Provided data Block Start

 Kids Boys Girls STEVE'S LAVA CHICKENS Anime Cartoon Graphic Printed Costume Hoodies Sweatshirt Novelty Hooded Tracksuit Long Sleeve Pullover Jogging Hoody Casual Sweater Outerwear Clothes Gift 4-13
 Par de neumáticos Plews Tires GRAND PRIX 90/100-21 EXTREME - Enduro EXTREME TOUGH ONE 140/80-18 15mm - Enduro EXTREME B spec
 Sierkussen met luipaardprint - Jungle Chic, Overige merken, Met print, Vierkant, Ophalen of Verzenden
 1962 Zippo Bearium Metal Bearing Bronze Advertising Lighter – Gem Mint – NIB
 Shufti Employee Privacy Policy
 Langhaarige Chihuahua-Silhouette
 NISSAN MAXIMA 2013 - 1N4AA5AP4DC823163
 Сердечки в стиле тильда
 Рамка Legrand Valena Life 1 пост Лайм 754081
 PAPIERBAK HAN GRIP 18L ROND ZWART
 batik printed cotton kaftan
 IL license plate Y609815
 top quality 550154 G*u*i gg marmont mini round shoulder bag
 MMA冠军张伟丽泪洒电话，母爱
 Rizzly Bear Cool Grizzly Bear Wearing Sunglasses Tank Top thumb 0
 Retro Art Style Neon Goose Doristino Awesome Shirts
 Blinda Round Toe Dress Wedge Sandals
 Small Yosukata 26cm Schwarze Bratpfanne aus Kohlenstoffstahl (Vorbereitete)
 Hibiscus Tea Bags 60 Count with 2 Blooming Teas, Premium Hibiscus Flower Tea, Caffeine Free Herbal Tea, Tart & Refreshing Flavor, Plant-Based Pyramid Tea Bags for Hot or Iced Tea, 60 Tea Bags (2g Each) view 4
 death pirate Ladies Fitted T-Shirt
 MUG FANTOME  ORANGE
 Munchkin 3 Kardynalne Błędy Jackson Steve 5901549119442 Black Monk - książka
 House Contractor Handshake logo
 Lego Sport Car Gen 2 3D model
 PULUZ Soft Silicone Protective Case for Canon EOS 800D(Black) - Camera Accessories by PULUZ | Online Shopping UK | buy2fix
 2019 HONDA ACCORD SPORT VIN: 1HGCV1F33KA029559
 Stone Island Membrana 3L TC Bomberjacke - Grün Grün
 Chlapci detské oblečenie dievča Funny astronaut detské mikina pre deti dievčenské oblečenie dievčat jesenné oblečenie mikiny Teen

Provided data Block End

▸ **Task requirements**
I'd like an exact copy of the lines above, from the very first one through the line that contains "PAPIERBAK HAN GRIP 18L ROND ZWART", with nothing else added.

▸ **Solution to this problem**
 Kids Boys Girls STEVE'S LAVA CHICKENS Anime Cartoon Graphic Printed Costume Hoodies Sweatshirt Novelty Hooded Tracksuit Long Sleeve Pullover Jogging Hoody Casual Sweater Outerwear Clothes Gift 4-13
 Par de neumáticos Plews Tires GRAND PRIX 90/100-21 EXTREME - Enduro EXTREME TOUGH ONE 140/80-18 15mm - Enduro EXTREME B spec
 Sierkussen met luipaardprint - Jungle Chic, Overige merken, Met print, Vierkant, Ophalen of Verzenden
 1962 Zippo Bearium Metal Bearing Bronze Advertising Lighter – Gem Mint – NIB
 Shufti Employee Privacy Policy
 Langhaarige Chihuahua-Silhouette
 NISSAN MAXIMA 2013 - 1N4AA5AP4DC823163
 Сердечки в стиле тильда
 Рамка Legrand Valena Life 1 пост Лайм 754081
 PAPIERBAK HAN GRIP 18L ROND ZWART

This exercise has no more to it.